My experience: Dictionary must be in the Applications folder, but not inside a sub-folder within Applications. An odd hangover from earlier versions of the OS, which did not allow sub-folders.
I sympathize, but adding this tool would bloat Scrivener. It’s for outlining and drafting. Anything else one might need (encyclopedia, bibliography, timeline, mindmap, etc.) exist in other applications or on the Internet.
Here are some of my favorite word sources, all free and online:
Online Etymology Dictionary: etymonline.com/
OneLook: onelook.com/
WordIQ: wordiq.com/
WordNet: wordnet.princeton.edu/
RhymeZone: rhymezone.com/
Here’s a vote for no attached or incorporated reference texts. They’re easily enough accessed within Mac.
When I’m gripped by the muse – as warmly now as when I was young, but somewhat less often – I continue the dance for as long as she’ll stay. Asking her to wait a moment while I flip through a thesaurus is worse than impolite; it’s impolitic.
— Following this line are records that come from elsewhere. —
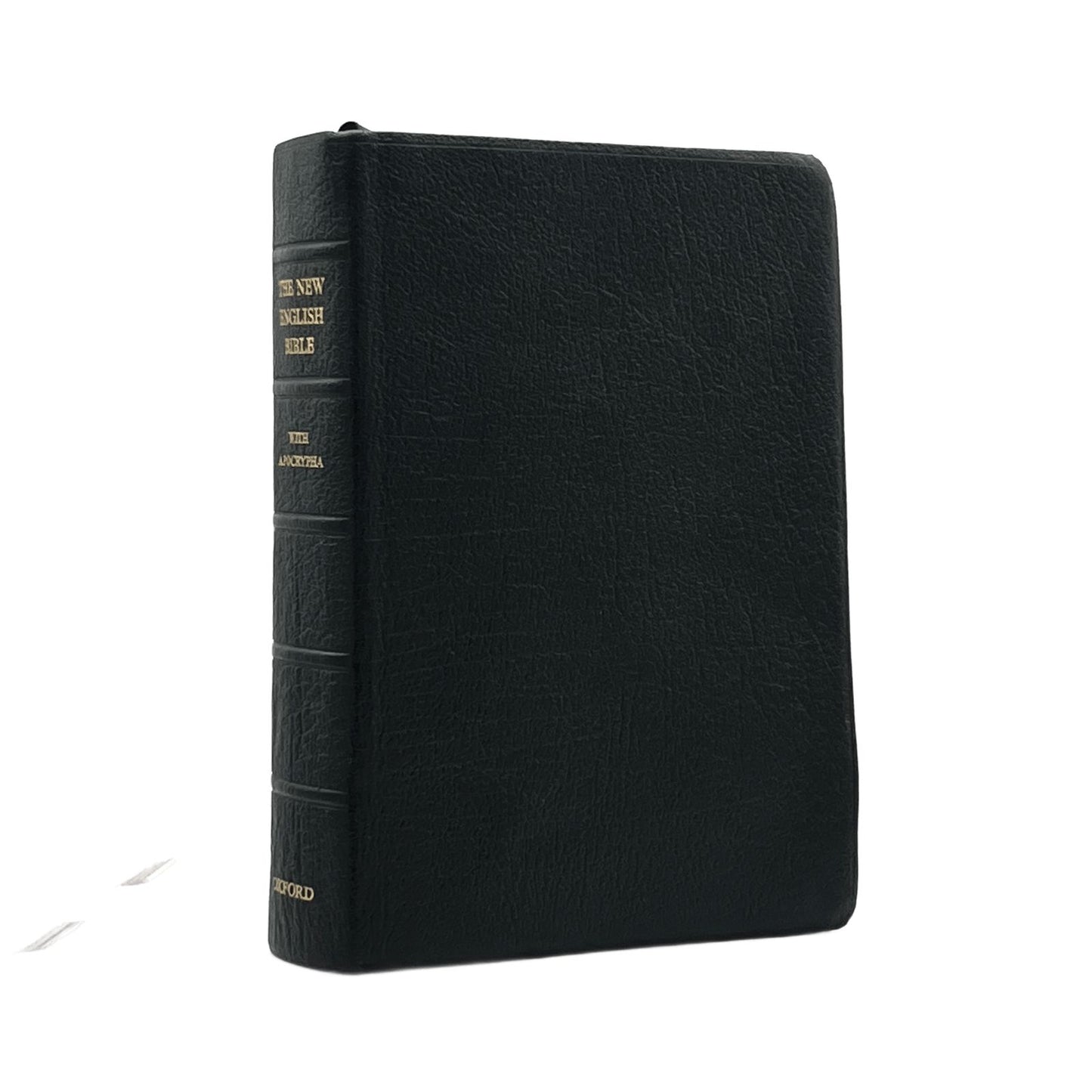 1971 NEW ENGLISH BIBLE. The New English Bible With the Apocrypha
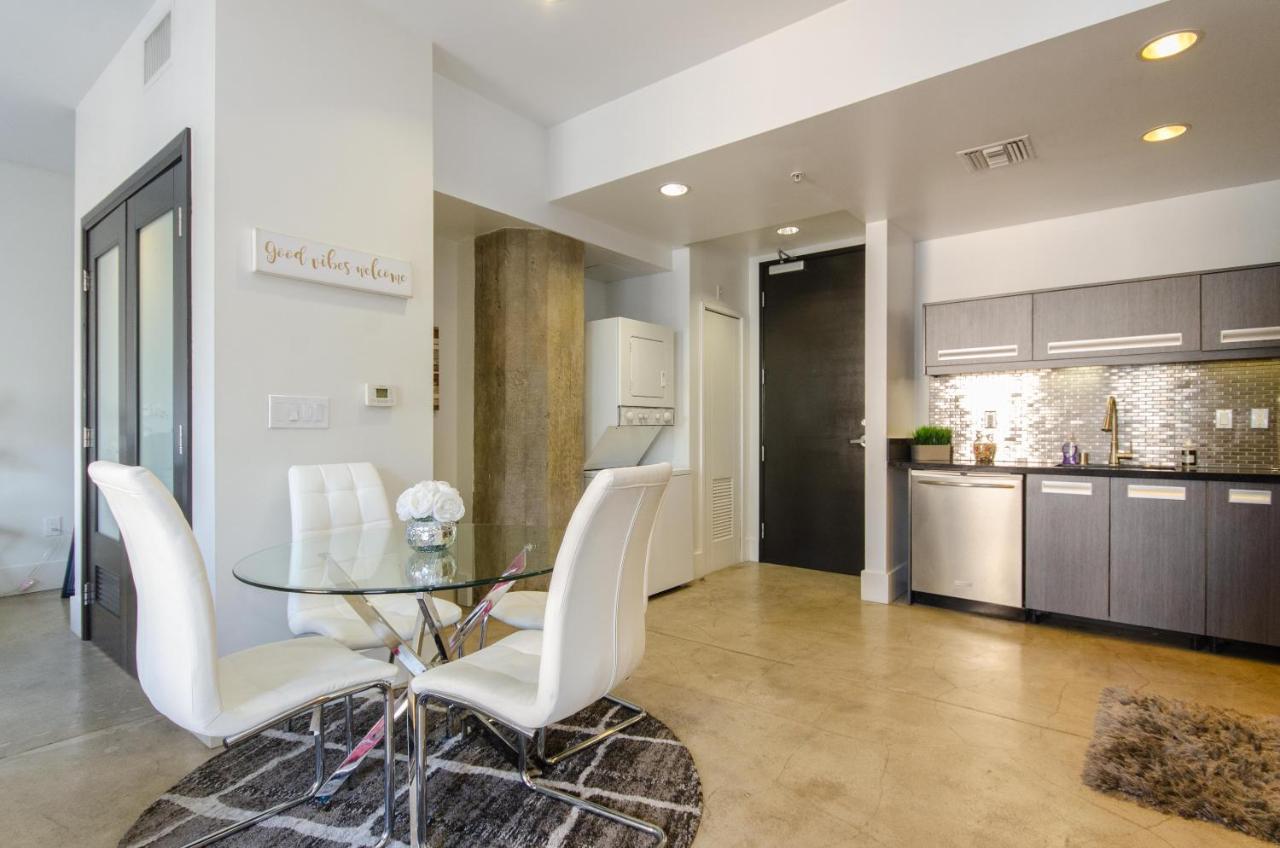 로스앤젤레스 Modern Loft With Rooftop Lounge In Dtla 아파트 외부 사진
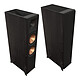 Klipsch RP-8060FA II Ebony Dolby Atmos 150 Watt floorstanding speaker (pair)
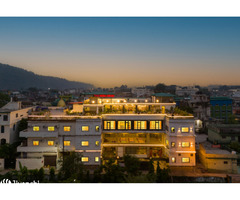 Mrityunjay Yogpeeth - Yoga Teacher Training School in Rishikesh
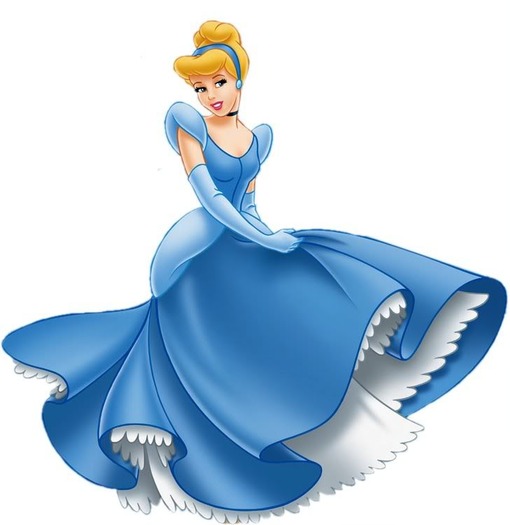 CINDERELLA1 - Minunatele printese Disney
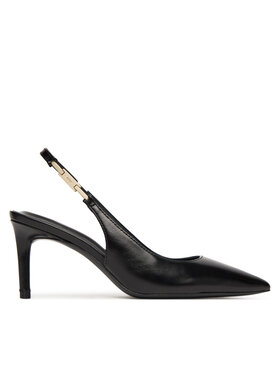 BOSS BOSS Sandale Gracey 50548596 Negru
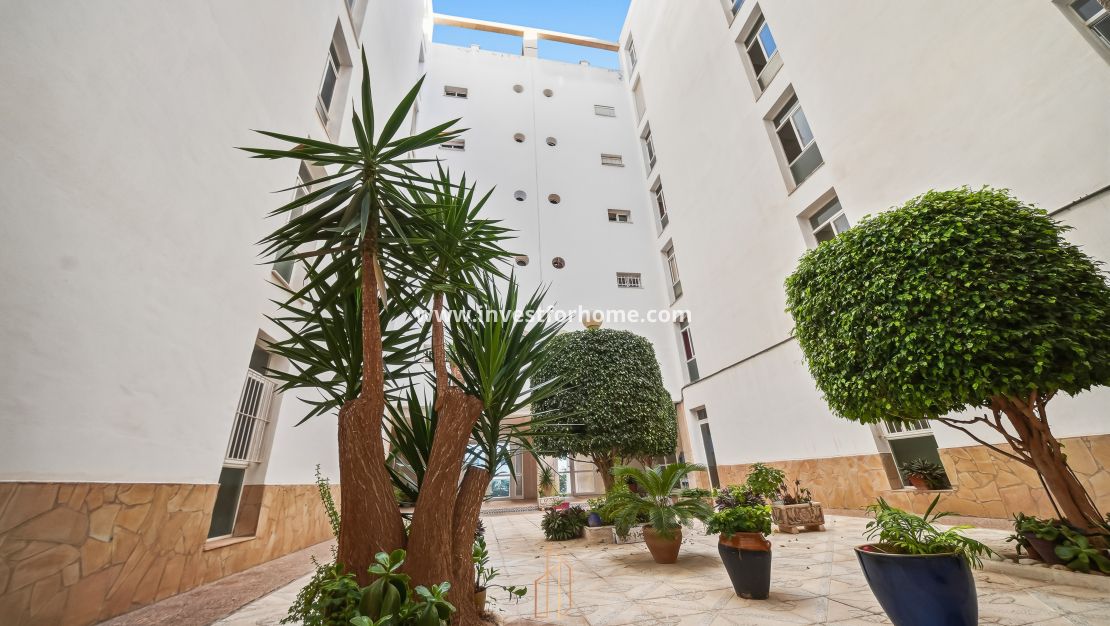 Sale - Apartment - Torrevieja - Torrelamata - La Mata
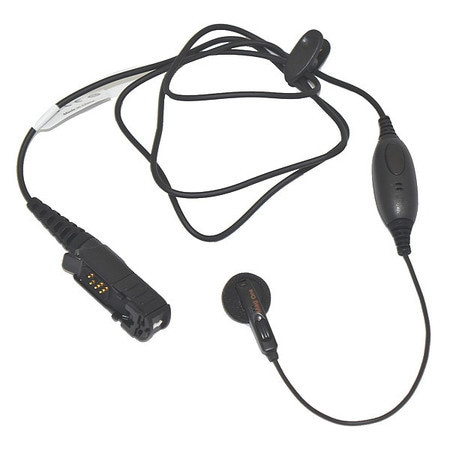 MOTOROLA PMLN5733A INLINE EARPIECE,PUSH TO TALK YES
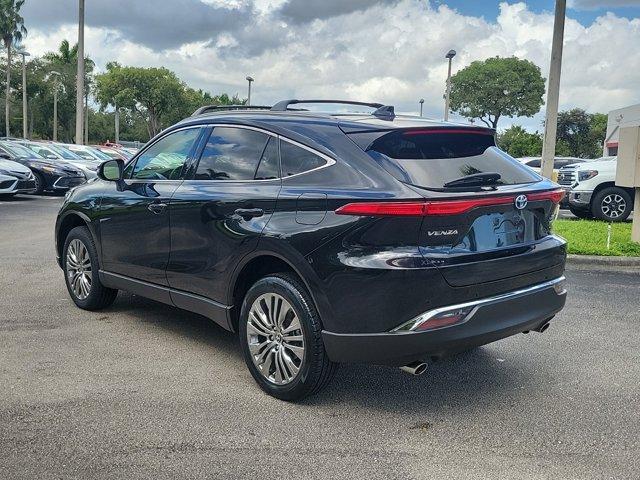 used 2022 Toyota Venza car, priced at $30,236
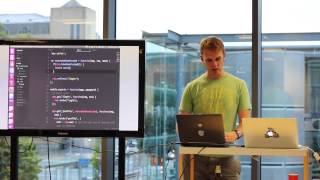 Tom Spencer - Passport.js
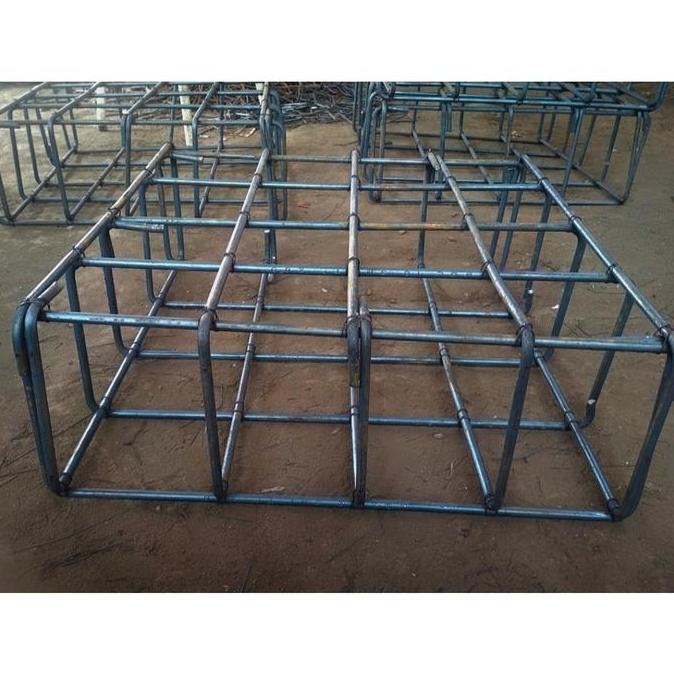 Cakar Ayam 60X60 Besi 10Mm Full Sni Ulir Premium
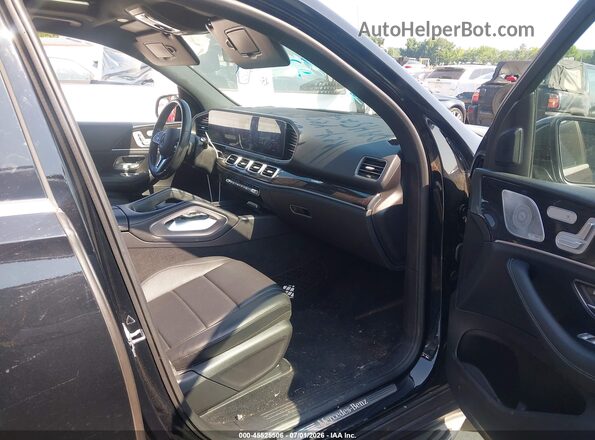 4JGFB4KB7LA062712 2020 MERCEDES-BENZ GLE 350 Black Vista interior delantera
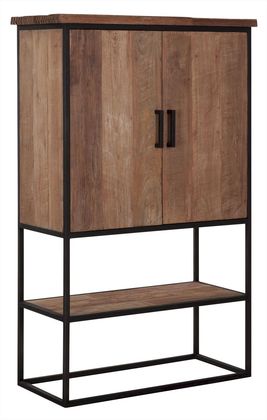 DTP Home Beam Bruin Opbergkast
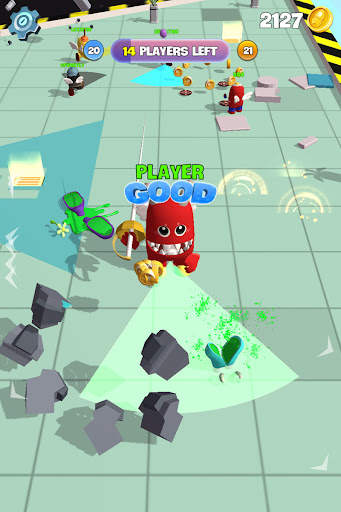 Smashers io: Scary Playground screenshot 8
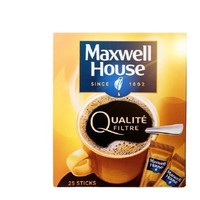 Maxwell House 麦斯威尔 速溶黑咖啡 1.8g*25条*3盒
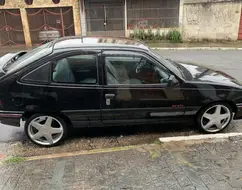 CHEVROLET KADETT 2.0 EFI GL 8V GASOLINA 2P MANUAL CHEVROLET KADETT 2.0 EFI GL 8V GASOLINA 2P MANUAL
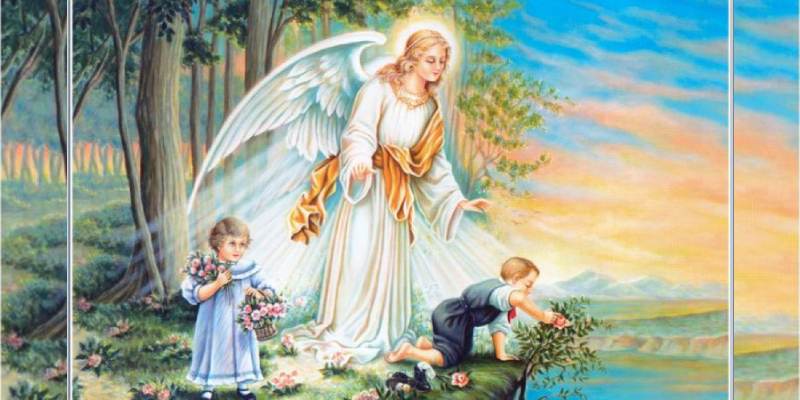 How can I know who is my guardian angel?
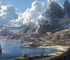 Найдены оригинальные заметки "отца The Elder Scrolls" с первыми набросками карты островов Саммерсет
She’s not a fickle creature, but she is temperamental, apt to vanish in a moment if my attention flags.
Reference texts are for when she’s gone, when time can comfortably be given over to technical chores – excising adverbs, pruning prepositions, tracking down sharper verbs and more precise nouns.
Just to reiterate that Scrivener is not going to have its own built-in dictionary or thesaurus. The one built into OS X is already good enough, and you can already double-click on a word, ctrl-click and select “Look Up in Dictionary”. From there you can click on “Thesaurus” or scroll down and look for alternative words.
As a one-man show there is simply no way that I’m going to put any development time into creating my own dictionary or thesaurus - that way madness lies!